- **REQUIREMENT**: Among the entries below, which lines run from the line with "Studio Portrait Of" through the line with "Young african american"? Retype those, both ends included, exactly and without pictures.

- **INPUT RECORDS**:
--- START ---
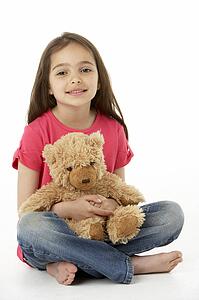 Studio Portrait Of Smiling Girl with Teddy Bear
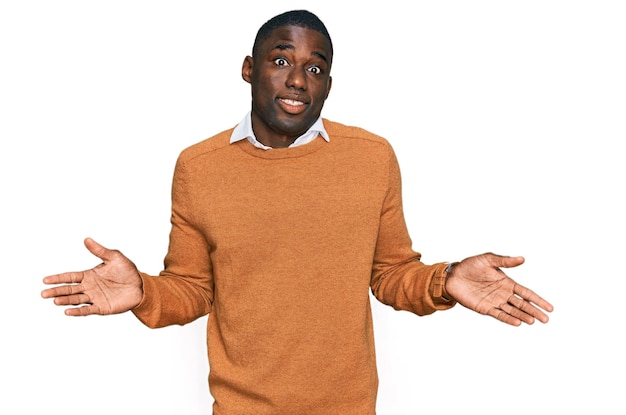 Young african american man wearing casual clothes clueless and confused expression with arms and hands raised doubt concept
--- END ---
--- START ---
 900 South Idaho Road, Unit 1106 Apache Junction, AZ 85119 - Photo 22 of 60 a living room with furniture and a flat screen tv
--- END ---
- **PROBLEM SOLUTION**:
 Studio Portrait Of Smiling Girl with Teddy Bear
 Young african american man wearing casual clothes clueless and confused expression with arms and hands raised doubt concept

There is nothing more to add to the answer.